After earning his bachelor's degree in Toronto, Karpathy's academic career took him to the University of British Columbia and later to Stanford University, where he received a PhD in 2016. His thesis was on “Connecting Images and Natural Language”. As an image processing expert, he joined Tesla in 2017, where he heads, as mentioned before, the AI and Autonomous Driving department.

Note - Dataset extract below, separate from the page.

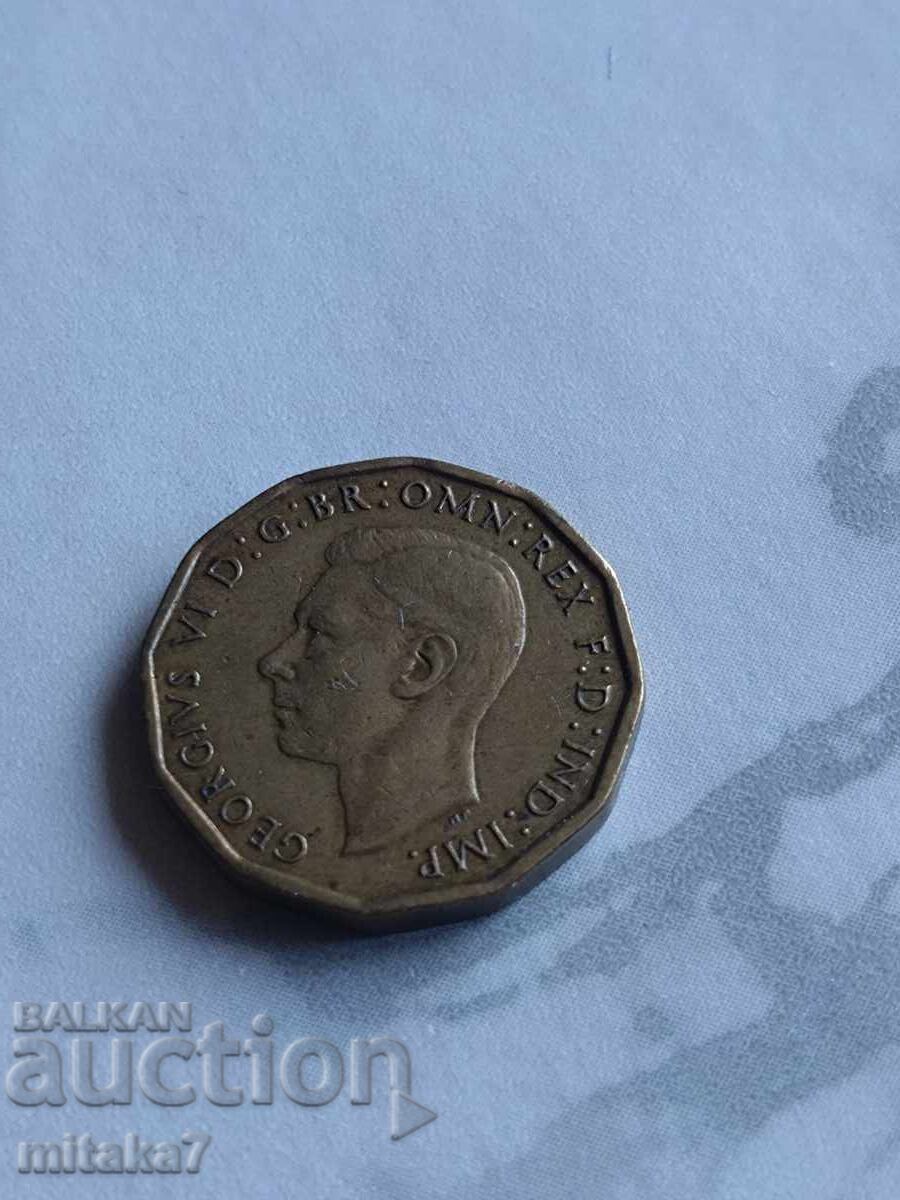 3 pence 1944, Great Britain with price € 0.40 | 0.78 BGN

Ludwig Boltzmann and Andrej Karpathy and Geoffrey Hinton and Andrew Ng inspire you? Get started with an Industrial PC from Omtec! Great things begin with

“A flavor of something magical”

Andrew Ng: So welcome Andrej, I'm really glad you could join me today.
Andrej Karpathy: Yeah, thank you for having me.
Ng: So, a lot of people already know your work in deep learning, but not everybody knows your personal story. So, let us start telling us, how did you end up doing all these work in deep learning?
Karpathy: Yeah, absolutely. So I think my first exposure to deep learning once when I was an undergraduate at the University of Toronto. And so, Geoff Hinton was there, and he was teaching a class on deep learning. And at that time, it was restricted Boltzmann machines trained on MNIST digits.* And I just really like the way Geoff talked about training the network, like the mind of the network, and he was using these terms. And I just thought there was a flavor of something magical happening when this was training on those digits. And so that's my first exposure to it, although I didn't get into it in a lot of detail at that time.
And then when I was doing my master's degree at University of British Columbia, I took a class [Note: acoustically not understandable] and that was again on machine learning. And that's the first time I delved deeper into these networks and so on. And what was interesting is that I was very interested in artificial intelligence, and so I took classes in artificial intelligence. But lot of what I was seeing there was just very not satisfying. It was a lot of depth-first search, breadth-first search, alpha-beta pruning, and all these things. And I was not understanding how, I was not satisfied. And so, when I was seeing neural networks for the first time in machine learning, which is this term that I think is more technical and not well known in kind of a most people talk about Artificial Intelligence. Machine learning was more kind of a technical term I would almost say. And so I was dissatisfied with Artificial Intelligence.
When I saw machine learning, I was like, this is the AI that I want to kind of spend time on, this is what's really interesting. And that's what took me down those directions is that is almost a new computing paradigm, I would say. Because normally, humans write code, but here in this case, the optimization writes code. And so, you're creating the input/output specification and then you have lots of examples of it, and the optimization writes code, and sometimes it can write code better than you. And so, I thought that was just a very new way of thinking about programming, and that's what intrigued me about it.

*60,000 training and 10,000 handwritten digits, normalized and image-centered, provided by the U.S. National Institute of Standards and Technology (NIST) as data set for developing OCR character recognition and document management.